Лишь сейчас до меня дошло, что все это время Гермий пребывал в напряжении, можно сказать, в смятении чувств. Обманчивая беззаботность была плащом, под которым скрывалось нечто, мучившее олимпийца хуже мокрой язвы. Я сказал, что стал более чуток к душевному состоянию покровителя? Я ошибся, польстил себе.
Был чурбаном, чурбаном остался.
– Пешком ходят ногами, – Гермий отлетел подальше, указал жезлом на круп Пегаса. – Где твои ноги, жеребенок? Твои собственные ноги?

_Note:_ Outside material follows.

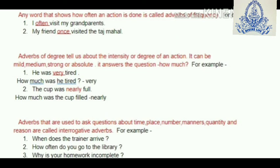Please try to resolve the exercises by yourselves first, and then check your answers using the attached solution. Thank you, children.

Ты оставил их дома?!
Придумывая, чем ответить на очередную шутку, я опустил глаза, сделав вид, что потупился от смущения, скользнул взглядом по конской холке к спине и животу – и чуть не свалился с Пегаса во второй раз. Точно, свалился бы, имей я такую возможность.
У меня не было ног.
Там, где бедра и колени несчастного Беллерофонта должны были сжимать конские бока, не наблюдалось ни бедер, ни коленей. Голени и стопы тоже отсутствовали. Пегас, только Пегас, ничего, кроме Пегаса – сильные мышцы, обтянутые тугой кожей, белая шерсть, встопорщенная дуновением ветра. Если приглядеться, делались видны еле заметные вздутия, повторявшие форму моих ног, как если бы Пегас всосал, втянул в себя ноги всадника.